** SOURCE DATA follows **

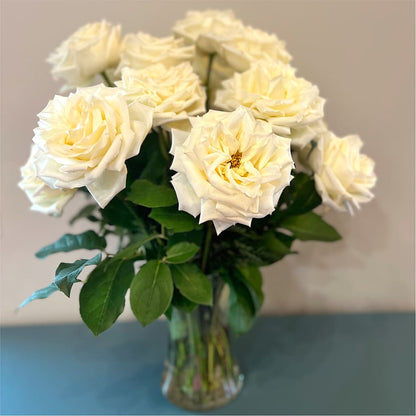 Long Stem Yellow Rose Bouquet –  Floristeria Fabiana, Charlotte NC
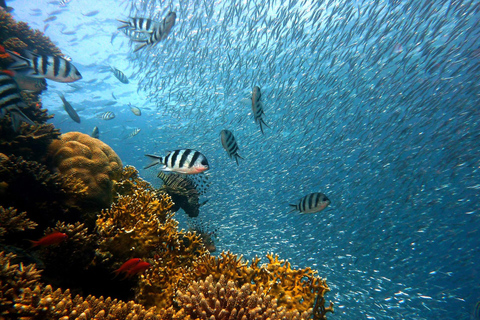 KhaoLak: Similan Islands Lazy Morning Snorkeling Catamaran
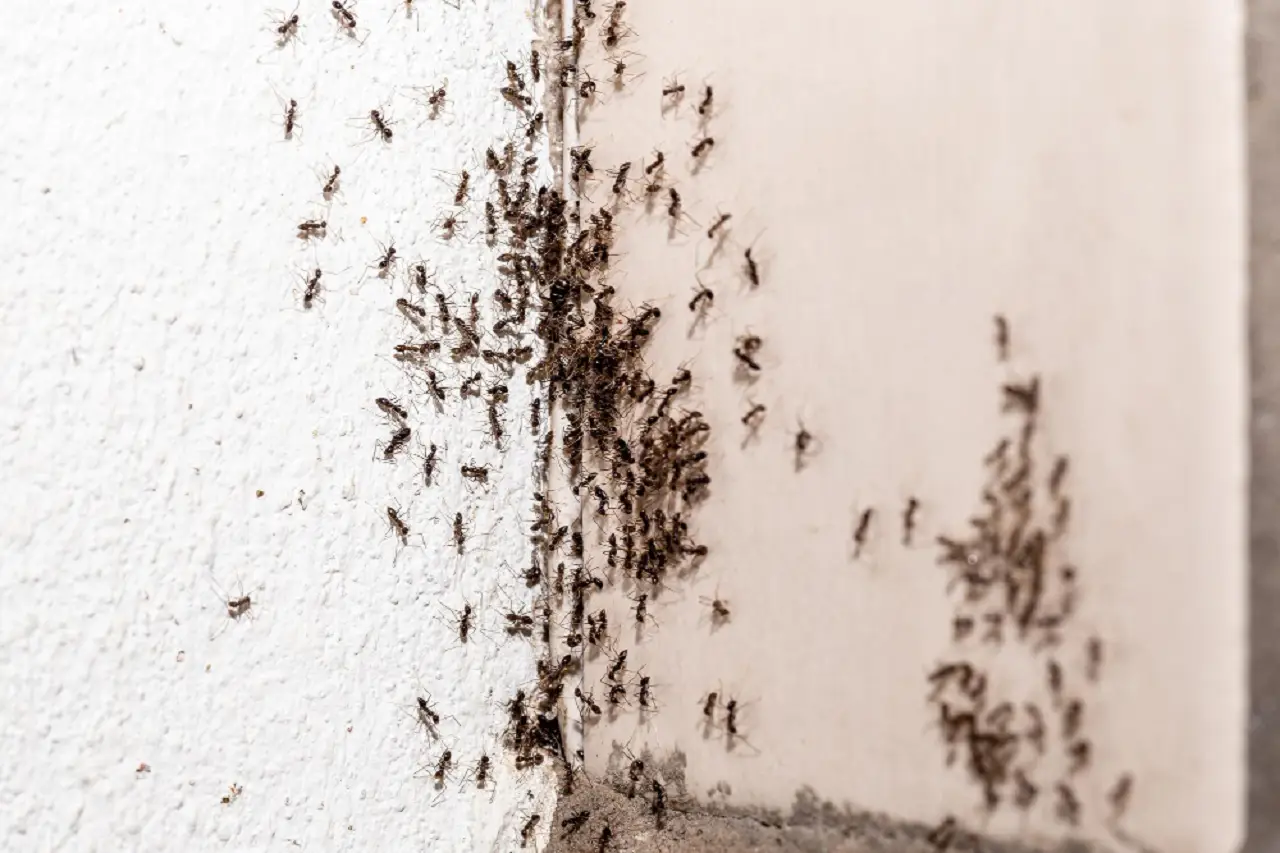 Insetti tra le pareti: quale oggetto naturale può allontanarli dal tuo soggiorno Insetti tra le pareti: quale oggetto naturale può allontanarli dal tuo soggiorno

** End of SOURCE DATA **

=== YOUR GOAL ===
Lines from the one that contains "KhaoLak: Similan Islands" to the final line of the material are the whole answer. Reproduce them word for word and skip the pictures.

=== OUTPUT FOR THIS TASK ===
 KhaoLak: Similan Islands Lazy Morning Snorkeling Catamaran
 Insetti tra le pareti: quale oggetto naturale può allontanarli dal tuo soggiorno Insetti tra le pareti: quale oggetto naturale può allontanarli dal tuo soggiorno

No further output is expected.